Do not use the same tap drill for aluminum as you would for steel. A typical tap drill for steel gives 50 % thread engagement. For brass and aluminum use a slightly smaller tap drill to give 75% thread engagement. . 
You should probably go for a class 3b fit and select a tap accordingly Ie the proper h limit of the tap. full explanation herehttp://www.cutting-tool-supply.com/TechTips/Tapping/HLimitsClass/HLimitsClass.htm or read the section on hole tolerances and fits in your machinery's handbook. 
And last but not least consider a forming tap as Todd mentioned.

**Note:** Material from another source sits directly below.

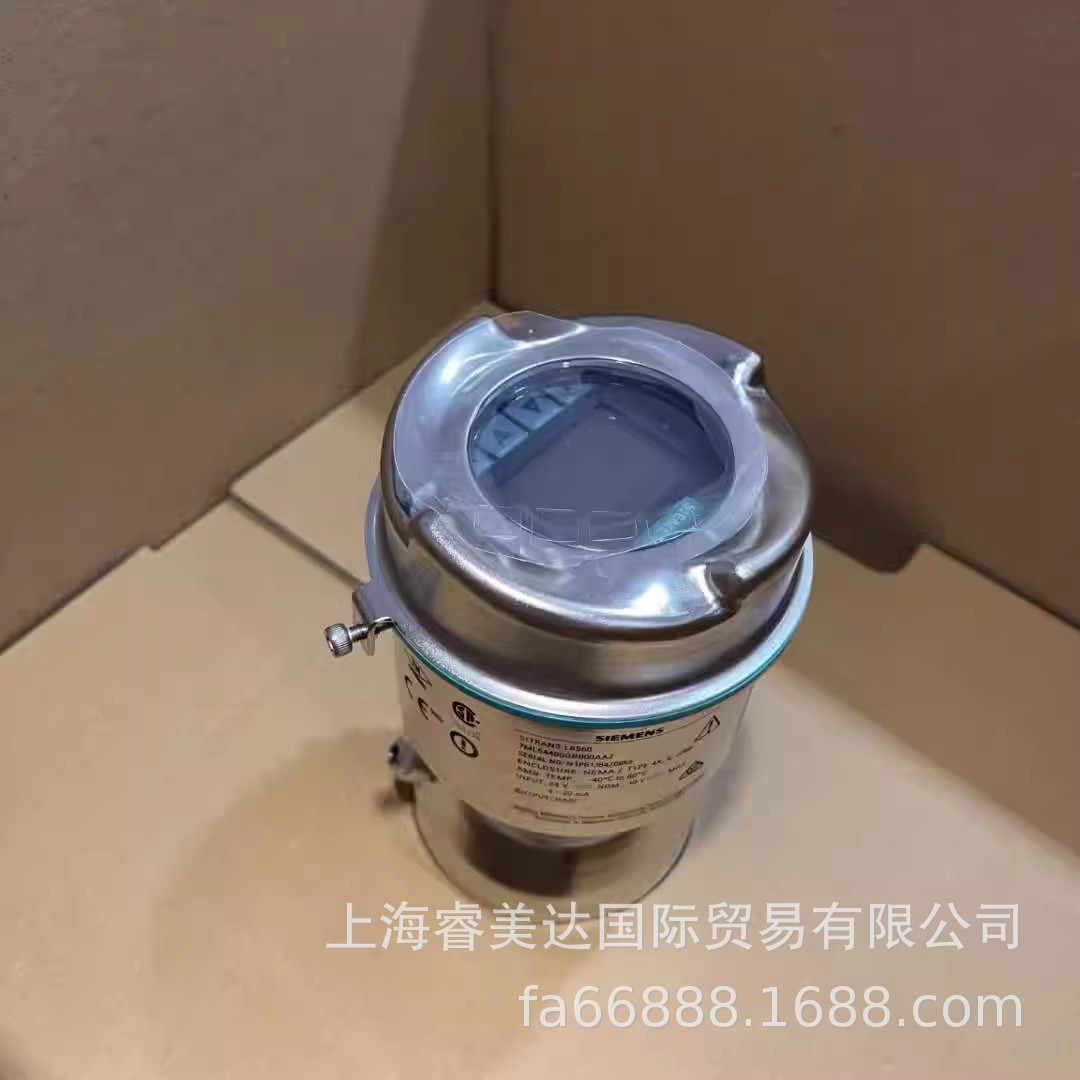 7ML5440-0GB00-0AA2 SIEMENS西门子  LR560  雷达物位计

Forming taps require there own tap drill size as metal is only being moved not cut away. 

While slimserts are great for production and repair the cost of a pack of inserts and the required tooling are not likely justified for one or a few holes. 
If in the future you find the plug hole worn then you can always drill out the damaged thread and install a slim insert of your choice. 
Tin


----------



## Fabrickator

I've worked extensively on motorcycles (dirt and street), and for many years on Chrysler Hemi Top Fuel engines.  When I made repairs I used Timeserts.  Generally, the std aluminum threads last forever unless someone cross threads the hole. Or, in the event of TF, a rod breaks going through the timing lights and hand grenades the head. Here are some sequential pics of typical head repairs I used to do.

Heli-coils are a last resort.  If they go bad, you have to mill out a large hole and plug it or weld it to start over.


----------



## 2manyhobbies

Nice job repairing that cylinder head, any idea what when wrong to cause all of the damage?


----------